Running the same powertrain as the latest Toyota Prius, a 1.8-litre, 98bhp Atkinson cycle petrol engine mated to an 81bhp, 153lb ft electric motor, the CT200h produces a maximum 134bhp at 5200rpm via the front wheels. It’s slow by premium compact class standards: 62mph takes 10.3sec to come up, and maximum speed is 112mph. The trade-off, aside from those tax-saving low emissions, is claimed economy of almost 70mpg.
What’s it like?
This new upmarket five-door has more going for it than fleet-targetted value for money. The quality and richness of its cabin materials are top-notch. Although one or two switches and stalks seem identical to those that you’d find on a Toyota Prius, you can’t fail to be impressed by the upmarket ambiance and attention-to-detail of this interior, both of which are remarkable at this price point.
The general feeling of plush luxury continues when you move off in the CT200h: noise and vibration insulation is excellent. Move off gently, under electric power alone, and refinement is limo-like, and even when the petrol engine starts at 28mph, there’s little added disturbance of the peace.
If you’re in more of a hurry, the car’s manners aren’t nearly so hushed, however. With lots of throttle, the CT200h’s continuously variable transmission makes that petrol engine spin away at consistently high rpm, shattering the quiet. And even then, although the car can feel quite responsive when its electric motor is chiming in, acceleration is still modest. You have to work this powertrain uncomfortably hard to pick up speed quickly.

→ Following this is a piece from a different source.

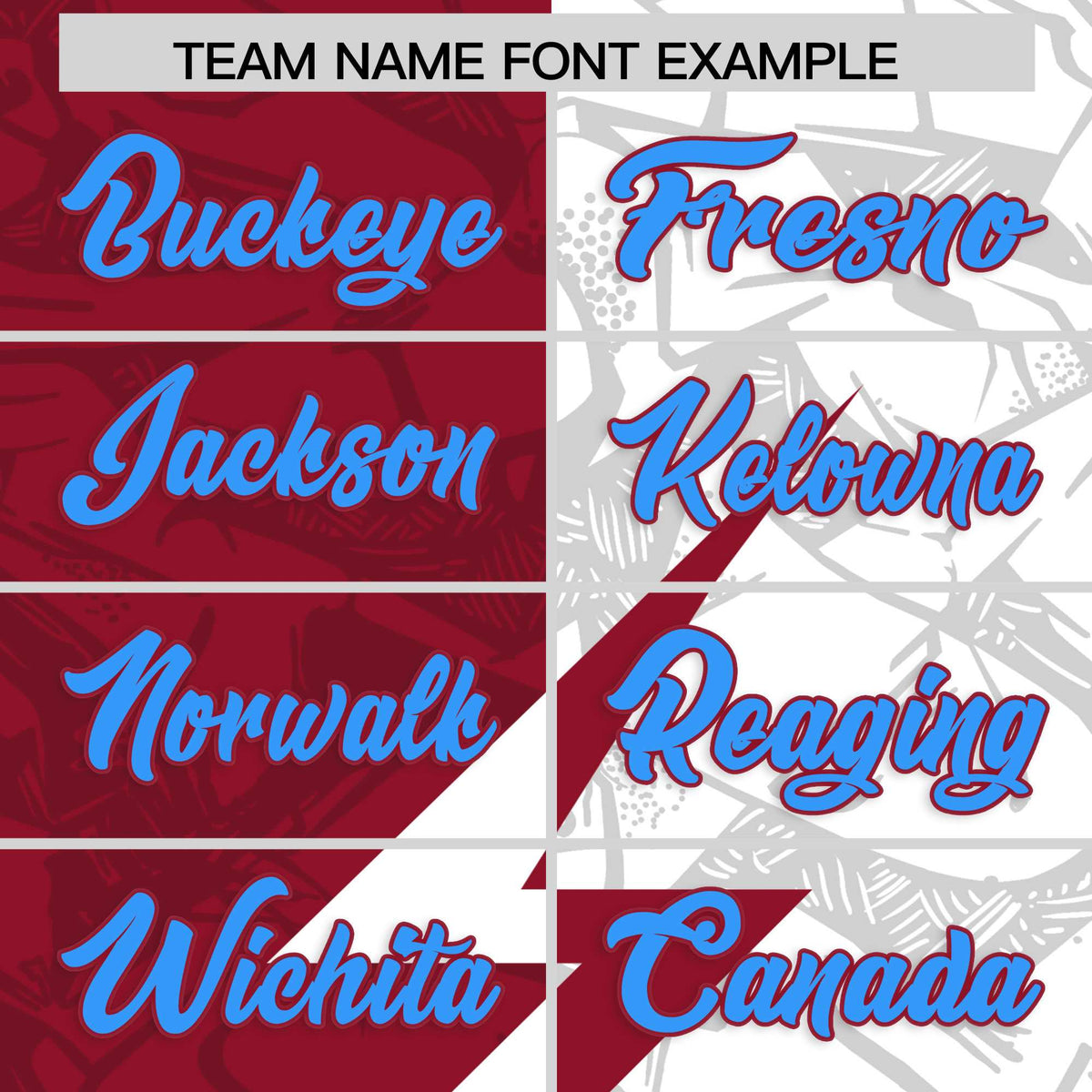 Custom Cardinal White Split Personalized Lightning Pattern American Football Jersey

And whether you’re moving along particularly quickly or not, you’ll notice a restless lack of compliance in the CT200h’s chassis that seems curious. This isn’t a performance car, after all, but Toyota has given it hot hatchback level chassis settings in order to make it decidely different to drive than the Prius – a car with which comparisons are unavoidable. That means the CT200h is unexpectedly precise and agile through smooth-surfaced corners, and is almost immune from body roll. But it also means that the car doesn’t ride with the kind of comfort or composure that befits a compact luxury option.